It appears that the choices for what to cut have been largely made, Rulffes said. The new figures for district reductions are based on the deferment of state one-shot funding for full-day kindergarten, empowerment schools, remediation and other special programs. That totals $22.4 million for fiscal year 2008.
“That certainly takes away our options,” Rulffes said.
School board members continued to question the legitimacy of the cuts called for by Gov. Jim Gibbons. Public schools across Nevada are being asked to absorb a total of $47.6 million in state funding reductions for fiscal year 2008 and $45.1 million in fiscal year 2009.
The district already is working to identify where to cut back. On Tuesday, Chief Financial Officer Jeff Weiler said the district was postponing full implementation of the Enterprise Resource Planning system, a technology system intended to unify the functions of district administration.
ERP is already in use by personnel in finance and purchasing. However, human resources, payroll and teacher recruitment staff will have to wait to come on line until money is available to complete the project. About $12 million has been earmarked for ERP in the 2008 budget, but roughly half of that already has been spent.
Rulffes said Thursday that other cuts have not yet been decided on.

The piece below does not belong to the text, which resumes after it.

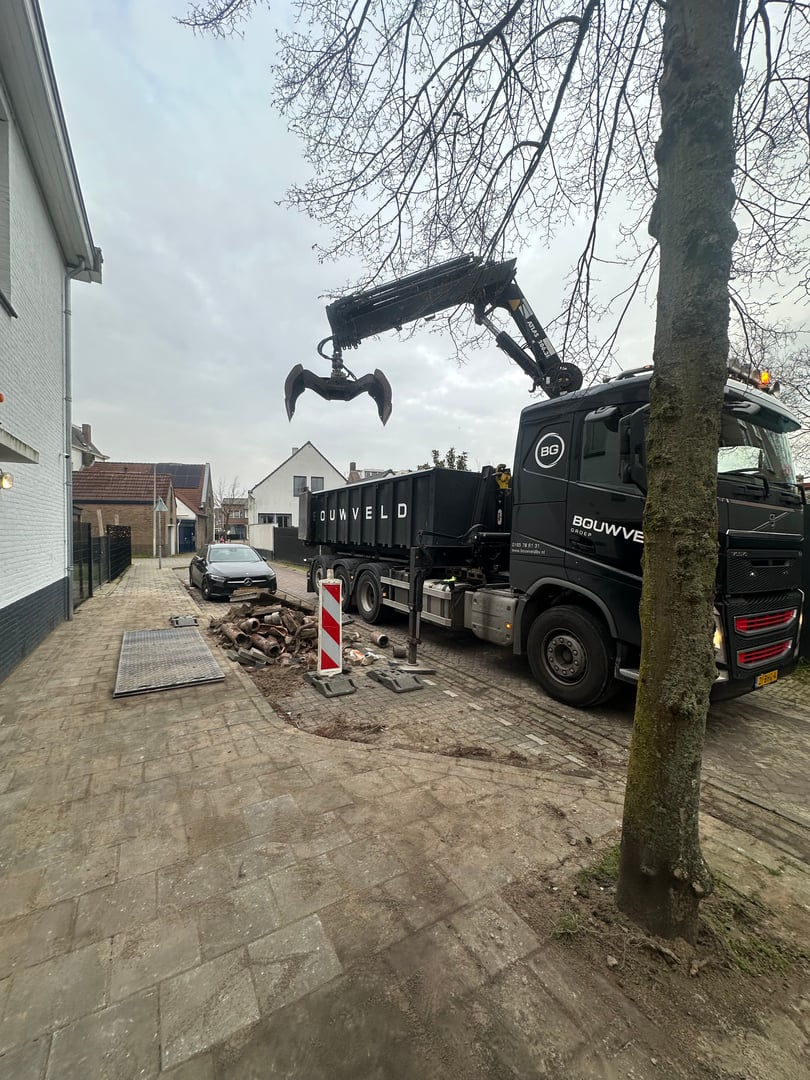 Autolaadkraan met afzetbak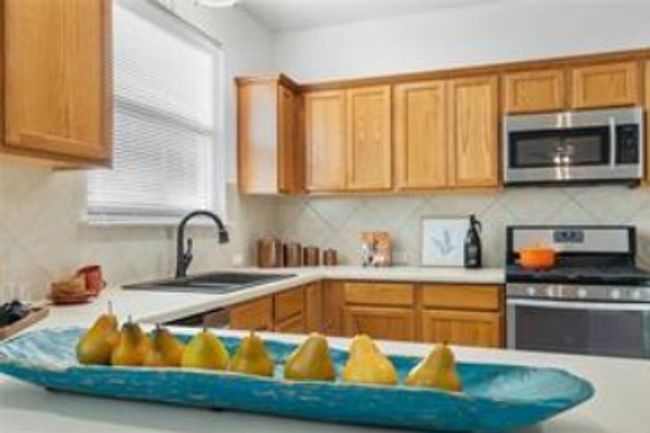 Kitchen with brown cabinets, decorative backsplash, a sink, appliances with stainless steel finishes, and light countertops | Image 12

School board members also discussed a possible legal challenge of the governor’s action, an idea that’s already been discussed by legislators.
“I think it would be appropriate to have a discussion about a lawsuit in a closed meeting,” district general counsel Bill Hoffman said in response to questions.
Hoffman said his office has researched the issue, but he added that it would be better to discuss it in a setting that preserves attorney-client privilege.
This is only the first round of cuts, Rulffes cautioned. The state has yet to notify the district of how much it will have to absorb in 2009.